Aretha Franklin's 'Every Move' Monitored by FBI, Declassified Files Reveal

Aretha Franklin was closely monitored by the FBI for many years, recently declassified records have revealed.

Journalist Jenn Dize shared details from the bureau's files on the "Queen of Soul" after requesting them under the Freedom of Information Act.

"Years ago, I FOIA'd @fbi files on Aretha Franklin. Today, I received the files," Dize wrote in a Twitter thread on Wednesday.

The files were incomplete, Dize said, but showed "repeated and disgusting suspicion of the famed Black singer, her work, and activists around her." Franklin died at her home in Detroit, Michigan, in August 2018. She was 76.

Dize posted screenshots of several documents, including one that she said showed Franklin's "every move is carefully documented" by the FBI.

She went on: "In this document, just now declassified, direct contact information and details of her Atlantic Records contract are discussed - presumably 'just in case.'" The page, dated August 26, 1971, has "confidential" and "secret" markings that have been crossed out.

A memorandum dated January 17, 1972, said the bureau had used a "suitable pretext" in order to determine who had received a phone call from a member of the Black Panther Party. The call was determined to have been made to Franklin, described in the document as a "noted Negro singer and entertainer."

Aretha Franklin performs on stage
Aretha Franklin performs on stage at the Park West Auditorium in Chicago on March 23, 1992. She died in 2018. Paul Natkin/Getty Images

A document from September 1976 states that a "West Coast communist newspaper" had carried a story in March that year, noting that Franklin performed at an event that raised $38,000 for the National United Committee to Free Angela Davis.

This document also alleged that Franklin was linked to "Black extremists" and groups.

A paper with the title "COMMUNIST INFILTRATION OF SOUTHERN CHRISTIAN LEADERSHIP CONFERENCE INTERNAL SECURITY" mentioned the conference's 10th anniversary convention, which was being held at Ebenezer Baptist Church in Atlanta, where Martin Luther King Jr. was assistant pastor.

It added that an Atlanta newspaper had published an article that said: "Sidney Poitier, popular actor, will be the featured speaker at the opening banquet... and Aretha Franklin, popular entertainer, will also appear at the banquet."

A document from 1968 mentioned a "confidential source" who had told the FBI that a Southern Christian Leadership Conference pastor had described the U.S. government as "involved in acts of genocide against the Vietnamese people."

The same source said another pastor—Franklin's father, Rev.
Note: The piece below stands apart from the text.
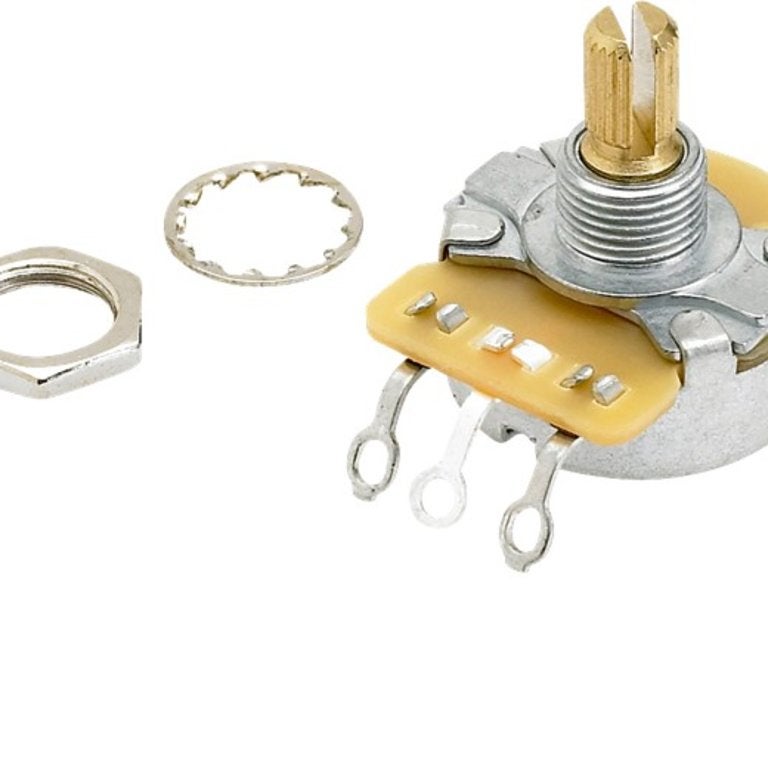 Fender® Pure Vintage 250K Split Shaft Potentiometer with Mounting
C. L. Franklin—had spoken at a memorial for King in August 1968.

A 1968 document discussing funeral plans for King noted that the Atlanta Braves baseball team had offered Atlanta stadium for a "huge" memorial concert.
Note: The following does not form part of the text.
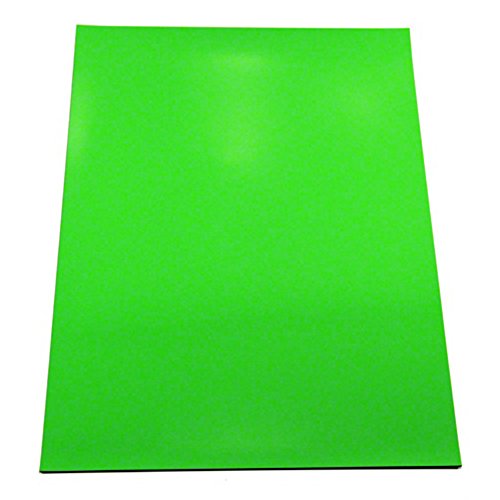 Magflex A4 Flexible Matt Green Magnetic Sheet Zum Erstellen Von Magnetgrafiken, Schildern Oder Displays - Pack Von 10 Magflex A4 Flexible Matt Green Magnetic Sheet Zum Erstellen Von Magnetgrafiken, Schildern Oder Displays - Pack Von 10 von first4magnets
Franklin was among those set to perform, along with Sammy Davis Jr., Marlon Brando, Mahalia Jackson and the Supremes.

"Of this group, some have supported militant Black power concept and most have been in forefront of various civil rights movements," the FBI report said.
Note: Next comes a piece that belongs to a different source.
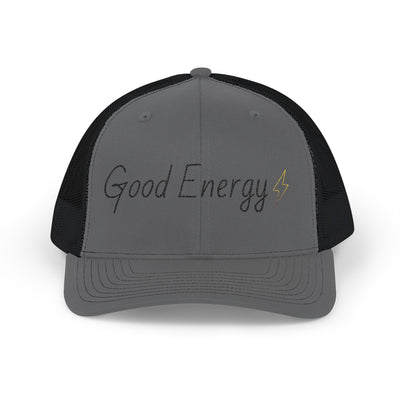 Good Energy Trucker Cap - Positive Vibes Snapback Hat - Picknmore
It added that some "felt the performance by these prominent entertainers would provide emotional spark which could ignite racial disturbance in this area." A source told the FBI that the Southern Christian Leadership Conference had contacted the Atlanta Braves and it had been decided the memorial concert would be canceled.

Dize tweeted that there were "frequent attempts" to connect Franklin and other notable Black figures to anything the FBI "deemed nefarious."

She pointed to a bureau document that followed up on a claim Franklin was connected to the Black Liberation Army.

The document cites a redacted source who advised that "to the best of his knowledge, Aretha Franklin has never been associated with the black radical movement."

The FBI concluded that "in view of the fact there is no evidence of involvement by Miss Franklin in BLA activities and in view of her fame as a singer, it is felt that it would not be in the best interests of the Bureau to attempt to interview her."

Newsweek has contacted the FBI and Franklin's former attorney for comment. Franklin's family could not be immediately reached for comment.